(Dataset content):
★ ★ ★ ★ ★ ★ ★
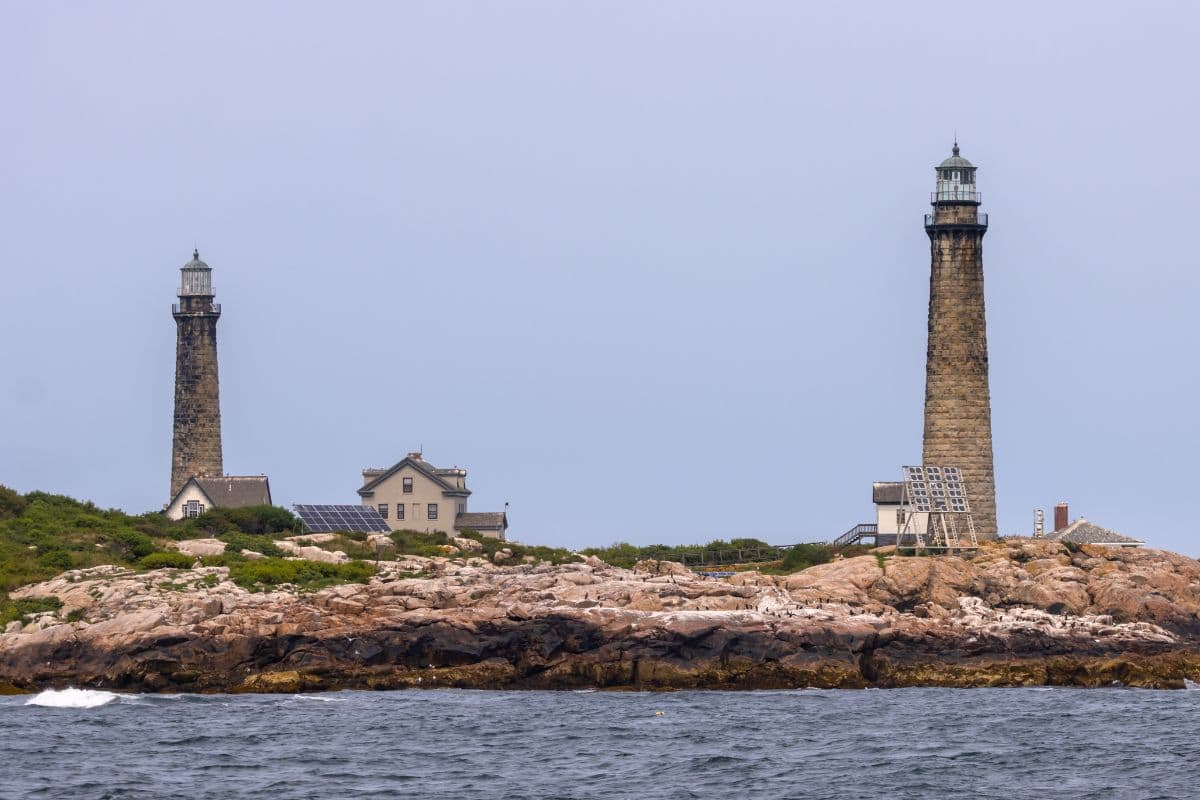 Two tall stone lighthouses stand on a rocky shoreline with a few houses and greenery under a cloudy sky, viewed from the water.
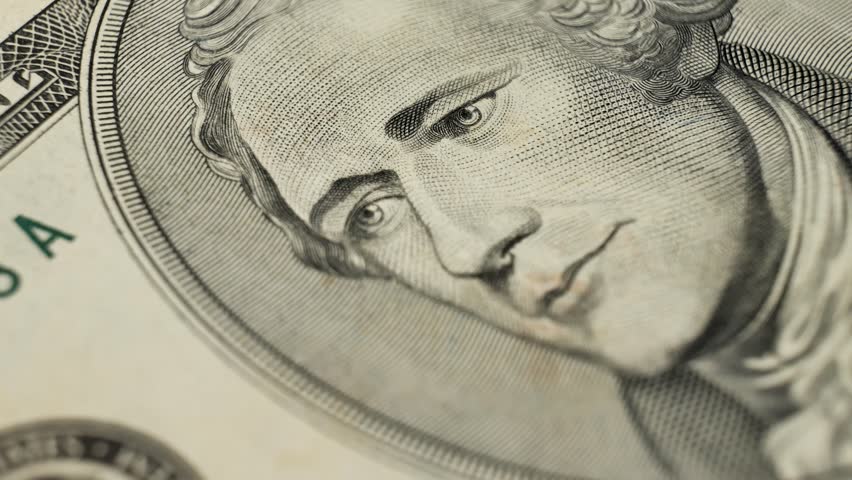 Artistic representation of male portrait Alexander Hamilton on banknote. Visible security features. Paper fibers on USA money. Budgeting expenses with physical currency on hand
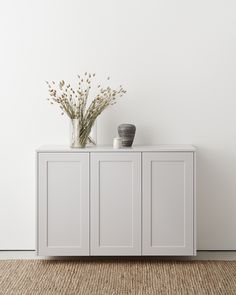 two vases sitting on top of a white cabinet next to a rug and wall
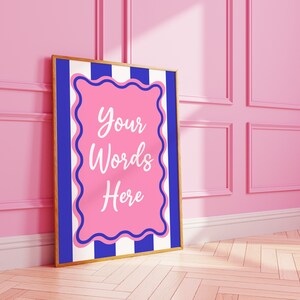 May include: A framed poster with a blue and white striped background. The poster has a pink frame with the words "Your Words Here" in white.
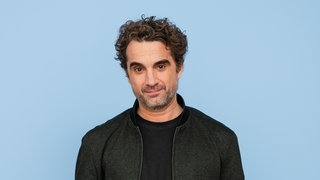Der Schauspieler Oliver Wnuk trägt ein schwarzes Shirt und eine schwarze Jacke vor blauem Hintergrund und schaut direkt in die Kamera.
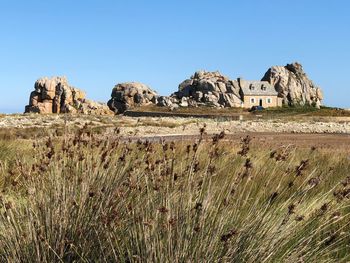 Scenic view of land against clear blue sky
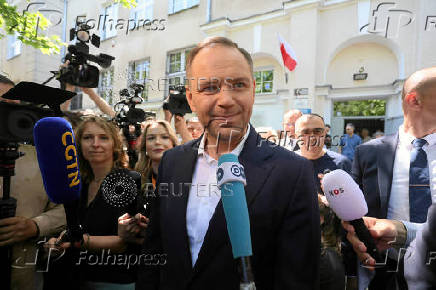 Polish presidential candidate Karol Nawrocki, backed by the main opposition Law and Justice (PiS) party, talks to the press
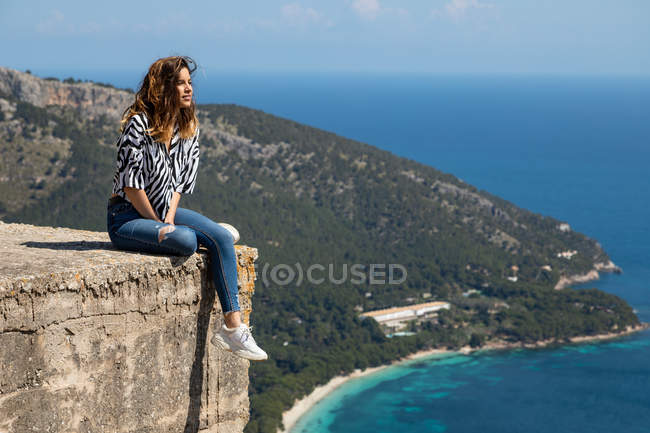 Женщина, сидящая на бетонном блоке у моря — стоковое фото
★ ★ ★ ★ ★ ★ ★
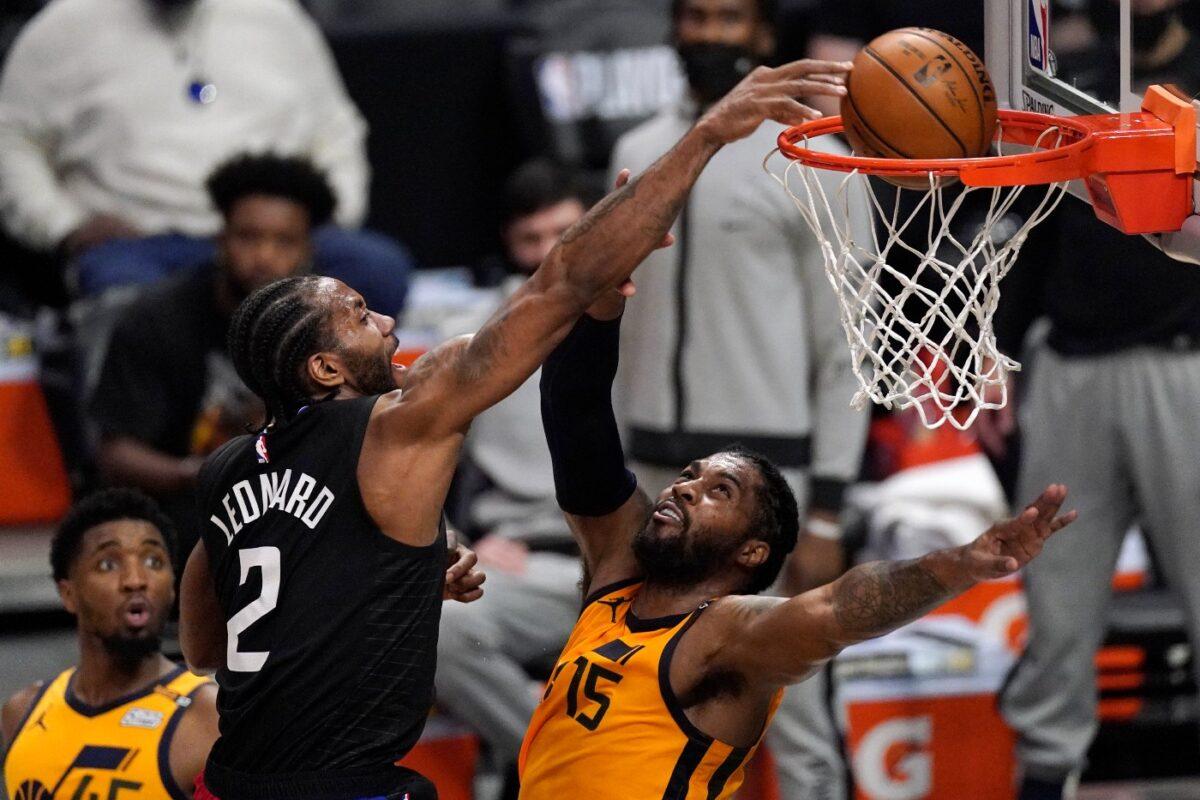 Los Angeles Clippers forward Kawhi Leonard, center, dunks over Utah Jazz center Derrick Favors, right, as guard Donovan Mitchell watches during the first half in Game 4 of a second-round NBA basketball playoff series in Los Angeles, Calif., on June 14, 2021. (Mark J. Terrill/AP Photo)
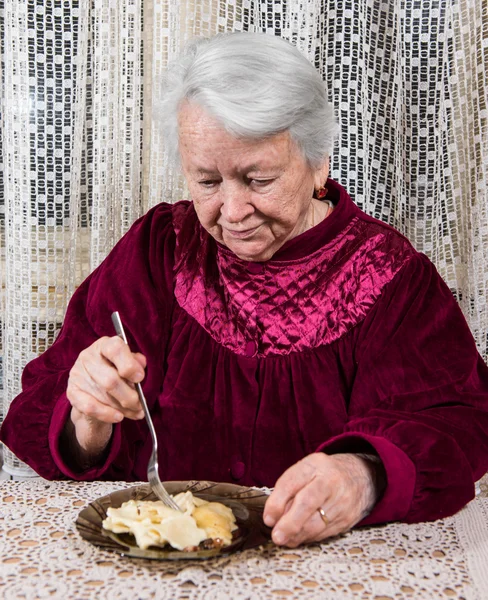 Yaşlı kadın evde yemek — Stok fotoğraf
★ ★ ★ ★ ★ ★ ★
(To do): Quote the data above exactly from the line with "Los Angeles Clippers" to the line with "Yaşlı kadın evde yemek — Stok fotoğraf", both ends counted, and nothing else. Pictures don't go in.

(Written answer):
 Los Angeles Clippers forward Kawhi Leonard, center, dunks over Utah Jazz center Derrick Favors, right, as guard Donovan Mitchell watches during the first half in Game 4 of a second-round NBA basketball playoff series in Los Angeles, Calif., on June 14, 2021. (Mark J. Terrill/AP Photo)
 Yaşlı kadın evde yemek — Stok fotoğraf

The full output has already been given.